Study On Hybrid Web Protection System Based On A Variety Of Defensive Technique

In recent years, with the Web application system increasing, more and more important information need to release through the Web platform. So, Web security becomes the most importanttopic for the current network information security. According to comting,90%of the outside Web access application, still accesses the Web server directly.On the other level, two-thirds Web servers can be attacked,and hackers can control and ruin servereasily. At present, the mainstreamattack methods of the Web system for hackers are:tampering with the webpage, SQL injection and XSS cross site scripting, etc.In this paper, the security problem of multiple Web defense technology is discussed and analysed. Based onprinciple and features of the mainstream Web attack technology, we design and realize Web protection system based on a variety of defense technology.The Web protection System are developedbased on the existing domestic mainstream tamper-proof technology, and it can make up the disadvantages of traditional tamper-proof technology.(1)We adopt the filter driver technology to monitor the backup Web.theillegal behavior tobackup Web directory, such as illegal uploading,write documents, CMD_Shell, will be restricted and filtered. This mechanism can improve the common tamper-proof technology in the backup Web security.(2) We replace traditional prevent tampering with digital watermarking recovery technology by using event trigger mechanism, through the event trigger mechanism found that Internet access user to release directory operation behavior.

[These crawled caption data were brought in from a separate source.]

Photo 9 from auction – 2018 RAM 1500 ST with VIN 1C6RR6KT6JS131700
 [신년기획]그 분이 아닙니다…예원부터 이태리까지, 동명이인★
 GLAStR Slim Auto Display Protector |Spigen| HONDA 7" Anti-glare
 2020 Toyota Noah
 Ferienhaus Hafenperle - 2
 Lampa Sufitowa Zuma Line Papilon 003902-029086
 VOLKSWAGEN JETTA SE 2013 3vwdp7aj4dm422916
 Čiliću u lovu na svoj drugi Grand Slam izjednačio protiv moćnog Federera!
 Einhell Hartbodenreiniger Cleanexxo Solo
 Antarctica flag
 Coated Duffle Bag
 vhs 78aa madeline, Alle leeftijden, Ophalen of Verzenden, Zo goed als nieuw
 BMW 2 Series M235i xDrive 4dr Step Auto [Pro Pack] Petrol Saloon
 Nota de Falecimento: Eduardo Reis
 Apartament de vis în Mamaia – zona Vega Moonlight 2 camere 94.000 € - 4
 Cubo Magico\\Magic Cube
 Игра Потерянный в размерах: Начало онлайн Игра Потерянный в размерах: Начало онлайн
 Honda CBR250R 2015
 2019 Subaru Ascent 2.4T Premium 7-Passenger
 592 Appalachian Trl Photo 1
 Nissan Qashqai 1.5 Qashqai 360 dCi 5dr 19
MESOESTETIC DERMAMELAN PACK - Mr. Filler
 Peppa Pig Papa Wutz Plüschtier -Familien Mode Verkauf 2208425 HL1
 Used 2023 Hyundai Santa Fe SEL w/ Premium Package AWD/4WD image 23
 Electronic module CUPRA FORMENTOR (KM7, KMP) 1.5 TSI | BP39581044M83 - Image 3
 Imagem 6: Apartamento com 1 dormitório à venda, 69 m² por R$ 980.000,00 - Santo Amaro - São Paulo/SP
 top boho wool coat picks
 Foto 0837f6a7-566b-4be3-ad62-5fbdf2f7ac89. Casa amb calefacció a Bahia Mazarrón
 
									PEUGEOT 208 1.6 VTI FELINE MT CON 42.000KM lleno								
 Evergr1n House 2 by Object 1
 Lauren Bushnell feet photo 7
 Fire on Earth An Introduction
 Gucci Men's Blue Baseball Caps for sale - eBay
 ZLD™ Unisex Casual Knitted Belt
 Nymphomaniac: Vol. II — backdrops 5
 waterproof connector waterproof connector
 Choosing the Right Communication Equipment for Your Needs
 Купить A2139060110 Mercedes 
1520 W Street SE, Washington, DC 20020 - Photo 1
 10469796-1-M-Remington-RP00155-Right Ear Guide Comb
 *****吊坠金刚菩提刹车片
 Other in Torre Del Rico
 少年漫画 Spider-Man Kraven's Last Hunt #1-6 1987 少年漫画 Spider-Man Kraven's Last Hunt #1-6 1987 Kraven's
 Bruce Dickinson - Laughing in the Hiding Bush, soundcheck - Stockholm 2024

For the legal behavior such as image upload to release, for illegal behavior direct block and delete. For publishing Web update is mainly through the backup directory for one-way synchronization to release directory mode.(3)We will focus on the SQL statement to conduct in-depth analysis, and to understand the characteristics and attack mode. Different from the traditional anti SQL injection by hardware way, we mainly for the ISAPI filter (Internet Server Application Programming Interface) was studied, using ISAPI filters to defense such as SQL, XSS type application layer attacks, improve data packet filtering efficiency.